According to the law firm press release, the complaint charges Diana, certain of the Company’s officers and/or directors and Kalani Investments Limited and certain of its affiliates (“Kalani”) with violations of the Securities Exchange Act of 1934. Diana is a global provider of shipping transportation services through its ownership of containerships.
The complaint alleges that during the Class Period, defendant, the Company’s Chief Executive Officer and Chairman of the Board, caused Diana to engage in a series of manipulative share issuance/sales transactions with Kalani and related entities. The manipulative scheme worked as follows: Through his control of Diana, defendant caused Diana to sell its common shares and securities convertible into common shares to Kalani at a significant discount to market price and to file registration statements so that Kalani could resell these shares into the market.
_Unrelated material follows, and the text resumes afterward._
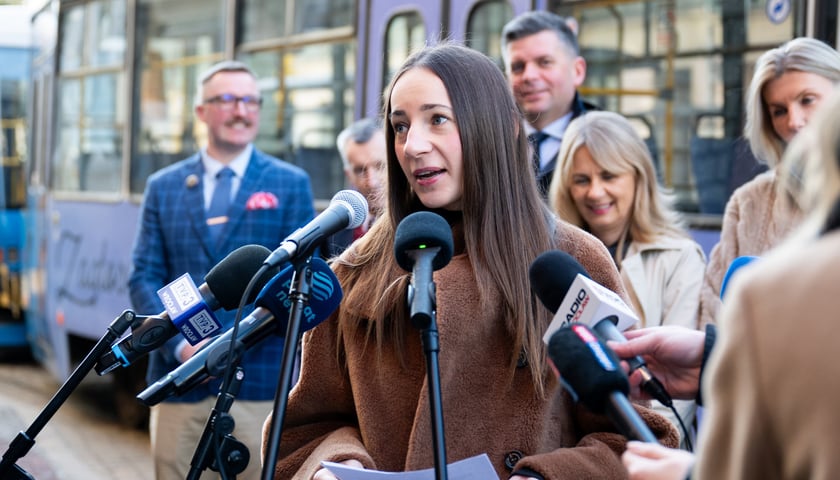 Powiększ obraz: Klaudia Wrona z Magnolii Park, początek kampanii Złoty Wąs 2025, 4 listopada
When Kalani’s sales of Diana stock caused the price of Diana stock to decline, the Company would reverse split the stock, causing a certain number of outstanding shares to be merged into a single share, thereby raising the price of Diana stock. Then Diana would again sell securities to Kalani and the same pattern of transactions would ensue. According to the complaint, defendants failed to disclose the true purpose of these transactions and the related stock issuances and reverses – to provide Diana with financing that benefited defendant and his related companies and family members and otherwise funnel money to Company insiders. As a result of defendants’ stock manipulation scheme, the complaint alleges that by October 3, 2017, Diana common stock, which traded at a price of more than $2,500 per share on an adjusted basis during the early part of the Class Period, was worth only $0.47 per share.
On April 30, 2018, the Court issued an Order appointing Lead Plaintiffs and Counsel and consolidating cases.